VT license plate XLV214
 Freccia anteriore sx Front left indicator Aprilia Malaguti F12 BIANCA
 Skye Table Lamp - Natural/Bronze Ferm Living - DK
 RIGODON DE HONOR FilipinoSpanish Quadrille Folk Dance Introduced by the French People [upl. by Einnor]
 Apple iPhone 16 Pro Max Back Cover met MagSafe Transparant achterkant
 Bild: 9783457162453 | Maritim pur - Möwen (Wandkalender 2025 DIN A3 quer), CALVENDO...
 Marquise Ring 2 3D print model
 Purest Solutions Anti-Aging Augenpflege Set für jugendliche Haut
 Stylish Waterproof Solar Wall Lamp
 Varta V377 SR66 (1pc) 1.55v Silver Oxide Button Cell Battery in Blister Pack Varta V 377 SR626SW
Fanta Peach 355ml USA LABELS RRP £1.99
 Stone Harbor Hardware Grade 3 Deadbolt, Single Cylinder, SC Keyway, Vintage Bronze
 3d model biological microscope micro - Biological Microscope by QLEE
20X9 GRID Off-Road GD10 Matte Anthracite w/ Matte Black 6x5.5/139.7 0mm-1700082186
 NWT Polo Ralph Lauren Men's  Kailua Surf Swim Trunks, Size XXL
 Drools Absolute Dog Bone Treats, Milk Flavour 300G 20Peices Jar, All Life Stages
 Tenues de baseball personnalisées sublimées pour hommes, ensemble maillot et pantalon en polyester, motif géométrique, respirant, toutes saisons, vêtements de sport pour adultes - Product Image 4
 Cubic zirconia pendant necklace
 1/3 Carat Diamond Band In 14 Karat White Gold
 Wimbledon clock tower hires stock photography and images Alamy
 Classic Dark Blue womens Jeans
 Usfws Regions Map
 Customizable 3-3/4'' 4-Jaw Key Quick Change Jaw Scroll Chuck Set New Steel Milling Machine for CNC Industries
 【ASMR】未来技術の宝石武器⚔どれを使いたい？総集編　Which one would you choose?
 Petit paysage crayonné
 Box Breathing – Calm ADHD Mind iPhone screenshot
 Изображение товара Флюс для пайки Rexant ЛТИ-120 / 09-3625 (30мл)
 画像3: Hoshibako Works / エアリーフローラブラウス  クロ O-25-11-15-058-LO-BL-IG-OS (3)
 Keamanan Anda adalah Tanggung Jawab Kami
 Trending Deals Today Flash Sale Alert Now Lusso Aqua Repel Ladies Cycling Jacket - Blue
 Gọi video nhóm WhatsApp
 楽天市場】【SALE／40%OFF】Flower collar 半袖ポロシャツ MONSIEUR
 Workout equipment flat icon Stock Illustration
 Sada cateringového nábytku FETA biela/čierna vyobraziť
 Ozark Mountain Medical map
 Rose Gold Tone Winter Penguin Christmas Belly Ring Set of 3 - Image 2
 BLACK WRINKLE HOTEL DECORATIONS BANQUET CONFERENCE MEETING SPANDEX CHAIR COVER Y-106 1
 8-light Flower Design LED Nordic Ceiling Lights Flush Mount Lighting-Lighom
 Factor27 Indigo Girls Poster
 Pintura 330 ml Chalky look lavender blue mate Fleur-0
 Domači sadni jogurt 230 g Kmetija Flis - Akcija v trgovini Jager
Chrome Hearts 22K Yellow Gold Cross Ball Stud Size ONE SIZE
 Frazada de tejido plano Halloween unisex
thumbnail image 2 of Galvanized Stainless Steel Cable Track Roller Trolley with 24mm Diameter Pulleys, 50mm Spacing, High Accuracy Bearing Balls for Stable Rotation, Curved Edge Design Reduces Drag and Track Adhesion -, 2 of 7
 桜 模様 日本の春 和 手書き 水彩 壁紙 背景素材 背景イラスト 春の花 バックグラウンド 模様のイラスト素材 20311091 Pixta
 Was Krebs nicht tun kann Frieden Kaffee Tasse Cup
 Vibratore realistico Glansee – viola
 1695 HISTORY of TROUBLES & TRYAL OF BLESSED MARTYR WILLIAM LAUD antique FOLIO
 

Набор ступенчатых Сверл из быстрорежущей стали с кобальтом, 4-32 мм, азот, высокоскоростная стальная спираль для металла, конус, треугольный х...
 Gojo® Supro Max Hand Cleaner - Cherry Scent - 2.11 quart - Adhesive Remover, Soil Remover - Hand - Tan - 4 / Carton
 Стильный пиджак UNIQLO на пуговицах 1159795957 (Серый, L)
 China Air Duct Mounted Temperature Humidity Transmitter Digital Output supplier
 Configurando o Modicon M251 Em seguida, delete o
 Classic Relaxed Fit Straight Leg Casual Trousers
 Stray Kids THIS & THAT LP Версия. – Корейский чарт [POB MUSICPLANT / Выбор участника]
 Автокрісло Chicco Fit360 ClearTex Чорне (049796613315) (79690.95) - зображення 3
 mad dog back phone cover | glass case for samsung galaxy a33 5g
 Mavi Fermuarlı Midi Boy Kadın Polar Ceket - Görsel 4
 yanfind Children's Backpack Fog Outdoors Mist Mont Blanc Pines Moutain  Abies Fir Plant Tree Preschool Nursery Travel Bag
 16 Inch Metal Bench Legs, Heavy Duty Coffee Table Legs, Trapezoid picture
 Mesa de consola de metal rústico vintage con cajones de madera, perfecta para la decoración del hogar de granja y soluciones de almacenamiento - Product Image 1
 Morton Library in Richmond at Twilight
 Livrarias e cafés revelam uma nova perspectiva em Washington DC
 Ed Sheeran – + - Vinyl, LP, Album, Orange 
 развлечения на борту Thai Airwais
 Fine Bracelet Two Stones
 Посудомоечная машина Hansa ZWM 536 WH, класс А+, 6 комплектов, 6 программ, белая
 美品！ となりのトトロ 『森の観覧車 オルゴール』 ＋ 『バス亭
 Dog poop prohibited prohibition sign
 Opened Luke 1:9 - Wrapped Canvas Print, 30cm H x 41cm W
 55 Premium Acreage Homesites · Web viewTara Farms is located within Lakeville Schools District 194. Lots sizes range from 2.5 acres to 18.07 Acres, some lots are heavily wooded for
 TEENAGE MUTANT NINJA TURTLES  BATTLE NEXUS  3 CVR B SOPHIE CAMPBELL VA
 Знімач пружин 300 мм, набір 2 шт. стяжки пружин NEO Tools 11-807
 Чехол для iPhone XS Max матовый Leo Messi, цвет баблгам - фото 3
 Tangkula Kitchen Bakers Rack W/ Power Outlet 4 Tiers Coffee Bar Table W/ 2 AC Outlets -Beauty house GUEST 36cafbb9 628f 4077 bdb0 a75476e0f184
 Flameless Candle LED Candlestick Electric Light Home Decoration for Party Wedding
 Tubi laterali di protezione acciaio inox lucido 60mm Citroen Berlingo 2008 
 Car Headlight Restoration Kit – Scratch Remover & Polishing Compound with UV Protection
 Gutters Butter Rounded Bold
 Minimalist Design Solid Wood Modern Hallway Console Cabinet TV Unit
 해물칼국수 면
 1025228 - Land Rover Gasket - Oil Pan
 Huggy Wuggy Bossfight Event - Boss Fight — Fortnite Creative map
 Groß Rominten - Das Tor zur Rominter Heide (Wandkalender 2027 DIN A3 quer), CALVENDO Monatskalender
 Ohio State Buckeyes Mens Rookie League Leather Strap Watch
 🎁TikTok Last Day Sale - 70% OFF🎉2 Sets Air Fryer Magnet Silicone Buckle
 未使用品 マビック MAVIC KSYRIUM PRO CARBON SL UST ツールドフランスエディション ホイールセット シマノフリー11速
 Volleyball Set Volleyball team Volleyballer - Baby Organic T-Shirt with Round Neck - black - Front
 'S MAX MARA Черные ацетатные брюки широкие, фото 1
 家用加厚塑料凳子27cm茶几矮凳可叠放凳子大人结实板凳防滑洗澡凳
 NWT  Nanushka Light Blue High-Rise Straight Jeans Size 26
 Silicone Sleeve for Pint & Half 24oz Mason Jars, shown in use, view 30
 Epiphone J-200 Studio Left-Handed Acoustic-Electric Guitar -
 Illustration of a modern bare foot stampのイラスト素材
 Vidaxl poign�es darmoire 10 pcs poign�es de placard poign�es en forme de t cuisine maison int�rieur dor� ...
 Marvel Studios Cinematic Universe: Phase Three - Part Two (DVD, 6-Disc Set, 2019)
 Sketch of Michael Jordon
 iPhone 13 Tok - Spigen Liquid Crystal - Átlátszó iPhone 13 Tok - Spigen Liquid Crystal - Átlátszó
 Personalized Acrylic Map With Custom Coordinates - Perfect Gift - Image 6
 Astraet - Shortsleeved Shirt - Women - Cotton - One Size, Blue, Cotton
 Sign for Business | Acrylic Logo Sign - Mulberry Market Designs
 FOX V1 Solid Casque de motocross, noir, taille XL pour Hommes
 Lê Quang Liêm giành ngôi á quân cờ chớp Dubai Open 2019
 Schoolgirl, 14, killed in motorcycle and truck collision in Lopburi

● ● ● ● ● ● ●

PROBLEM TO SOLVE.
Out of the data above, return each line where the word "Gold" can be found.

EXPECTED ANSWER.
 1/3 Carat Diamond Band In 14 Karat White Gold
 Rose Gold Tone Winter Penguin Christmas Belly Ring Set of 3 - Image 2
Chrome Hearts 22K Yellow Gold Cross Ball Stud Size ONE SIZE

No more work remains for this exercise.